■ **Directions for this task**:
No pictures belong in the copy. Restate the rest of the data exactly.
Entries shown START
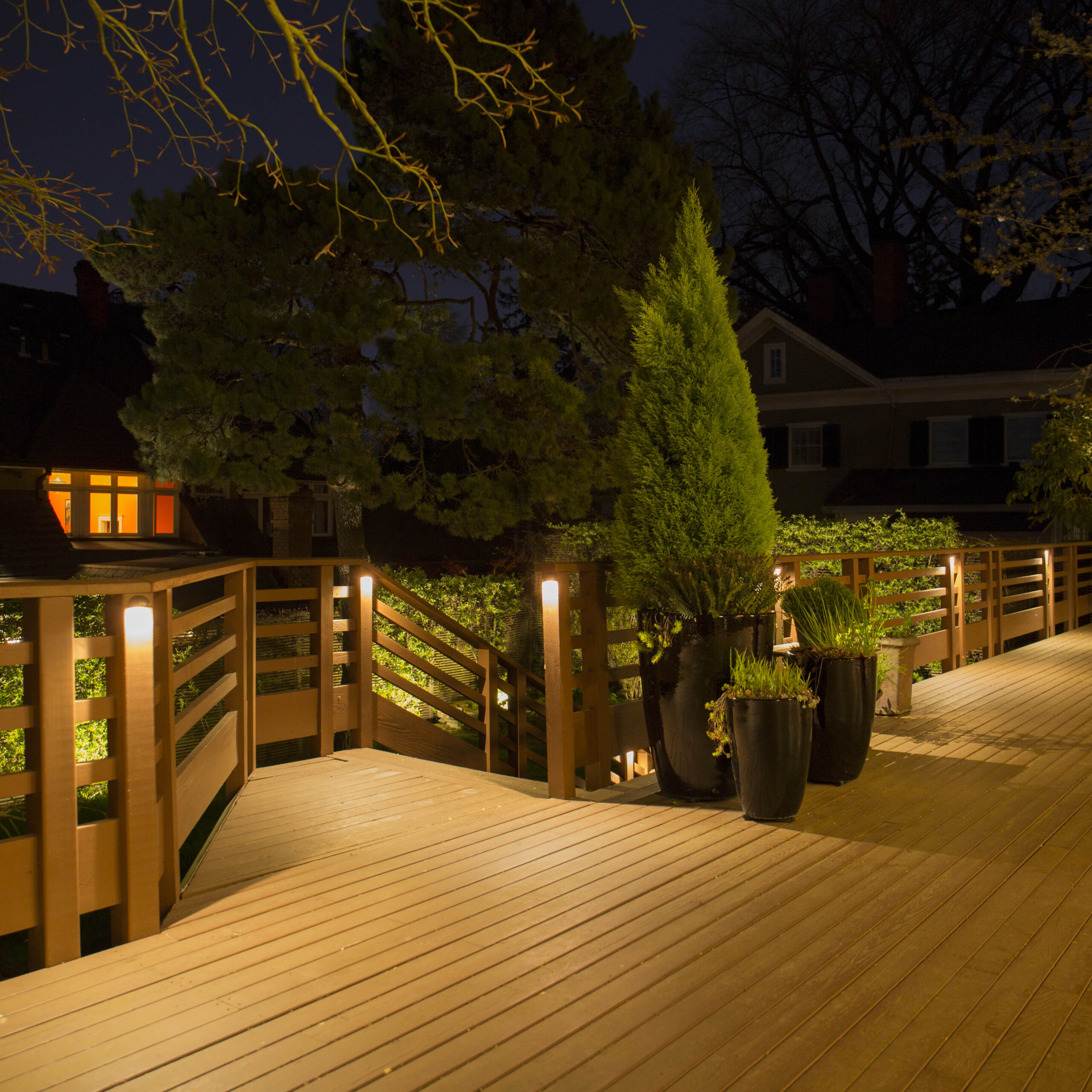 DL15-II Mini Deck Lights illuminating a deck railing and stair area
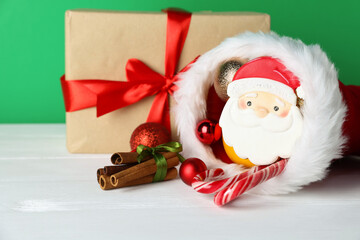 Happy Saint Nicholas day. Baubles, gift box and sweets on white wooden table against green background, closeup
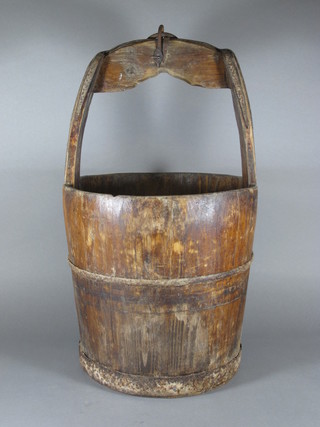 A circular wooden well bucket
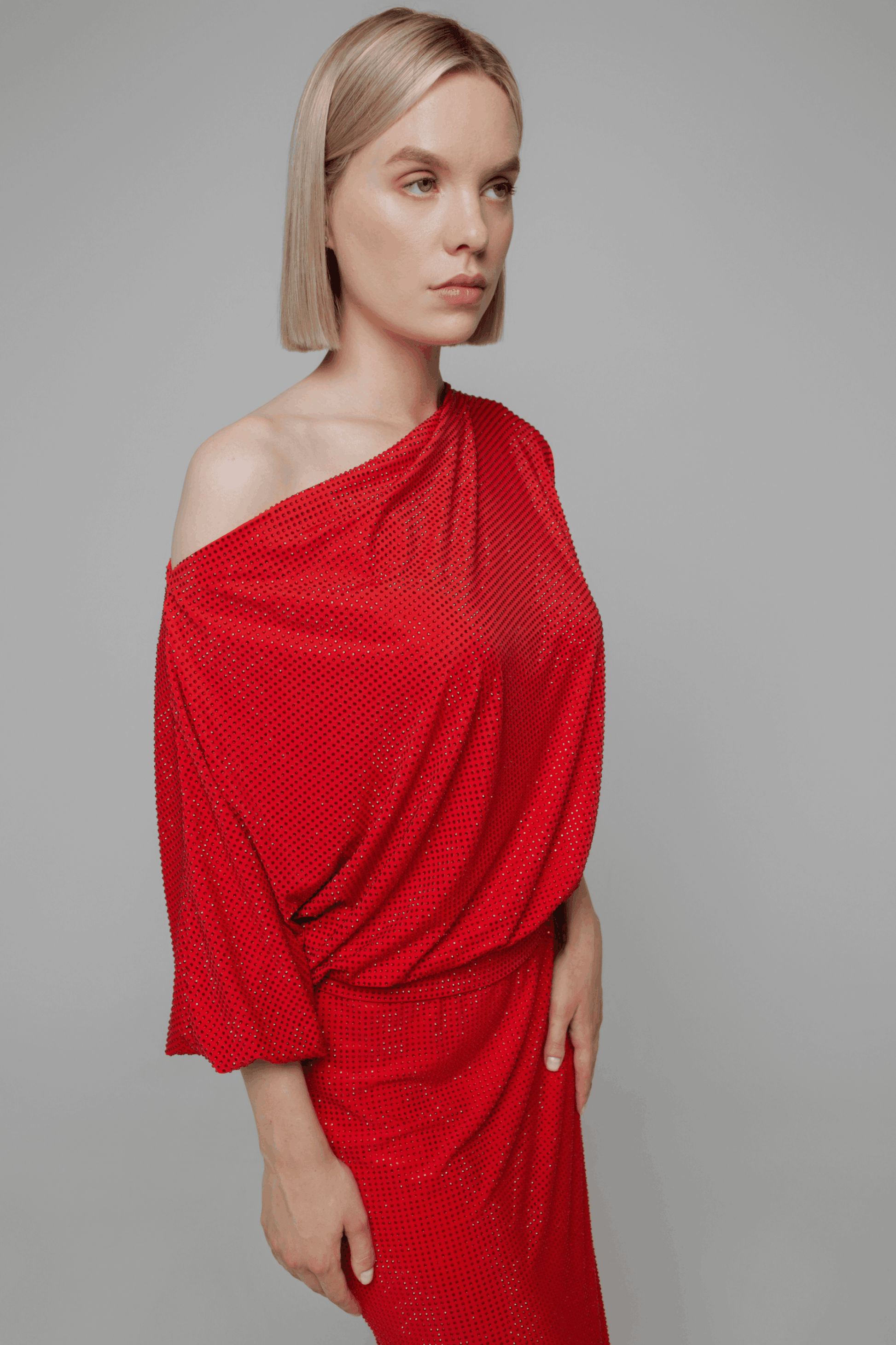 Exquisite detail of Crystal Cowlneck Three Quarter Dolman Sleeves showcasing the fine craftsmanship and elegant design characteristic of Axinia Collection 's luxury collection.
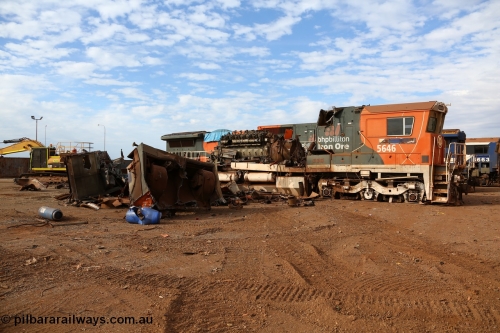 150522 8160
Wedgefield, Sims Metal yard, the first batch of BHP Billiton Dash 8 locos to be scrapped, 5646 serial 8244-11/92-135 one of a pair of new Goninan WA built CM40-8 units has already had most of the hood removed and the V16 7FDL prime mover is visible.
Keywords: 5646;Goninan;GE;CM40-8;8244-11/92-135;
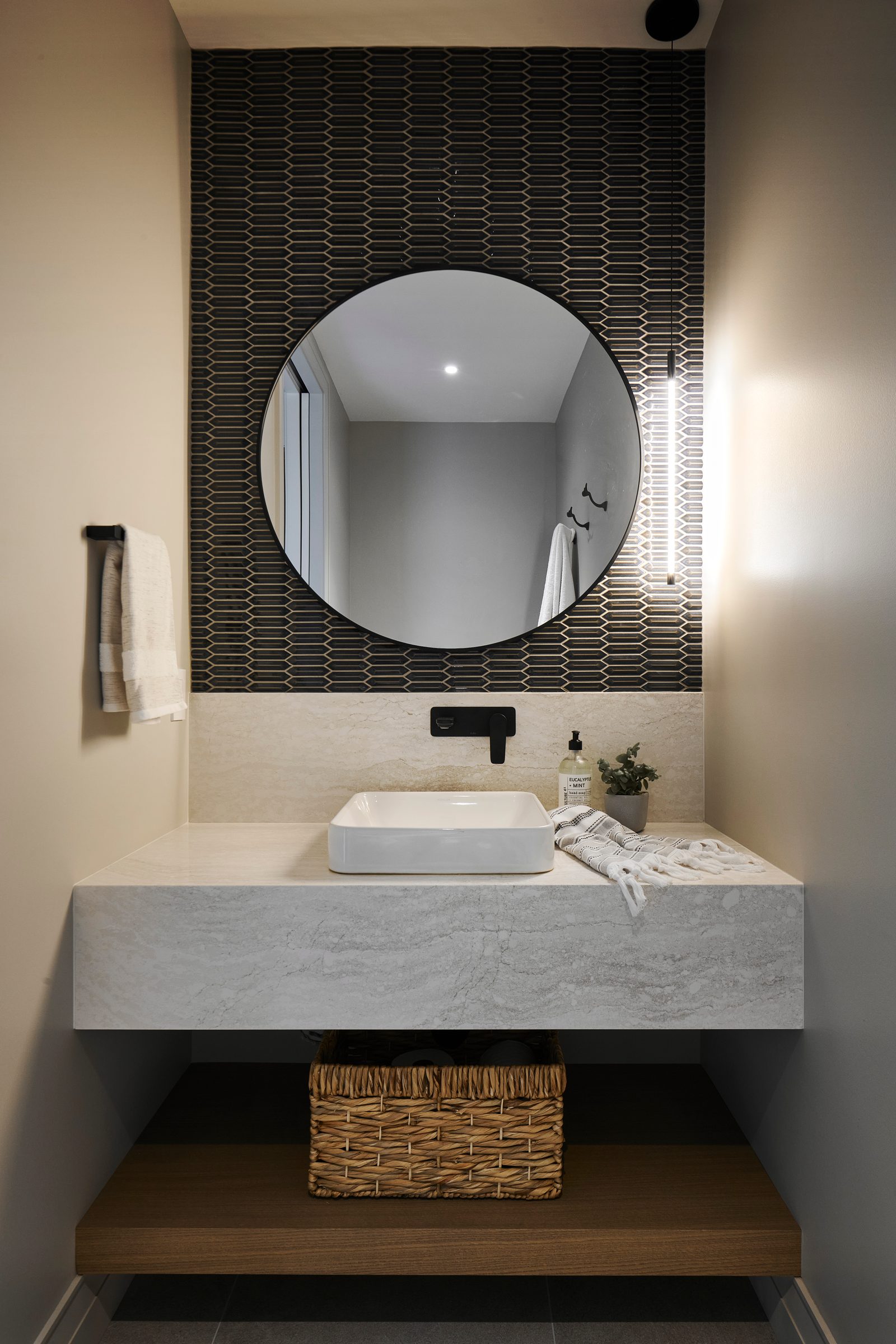 Powder room with black picket tile, round mirror and floating stone vanity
Entries shown END
■ **Expected output**:
 DL15-II Mini Deck Lights illuminating a deck railing and stair area
 Happy Saint Nicholas day. Baubles, gift box and sweets on white wooden table against green background, closeup
 A circular wooden well bucket
 Exquisite detail of Crystal Cowlneck Three Quarter Dolman Sleeves showcasing the fine craftsmanship and elegant design characteristic of Axinia Collection 's luxury collection.
 150522 8160
Wedgefield, Sims Metal yard, the first batch of BHP Billiton Dash 8 locos to be scrapped, 5646 serial 8244-11/92-135 one of a pair of new Goninan WA built CM40-8 units has already had most of the hood removed and the V16 7FDL prime mover is visible.
Keywords: 5646;Goninan;GE;CM40-8;8244-11/92-135;
 Powder room with black picket tile, round mirror and floating stone vanity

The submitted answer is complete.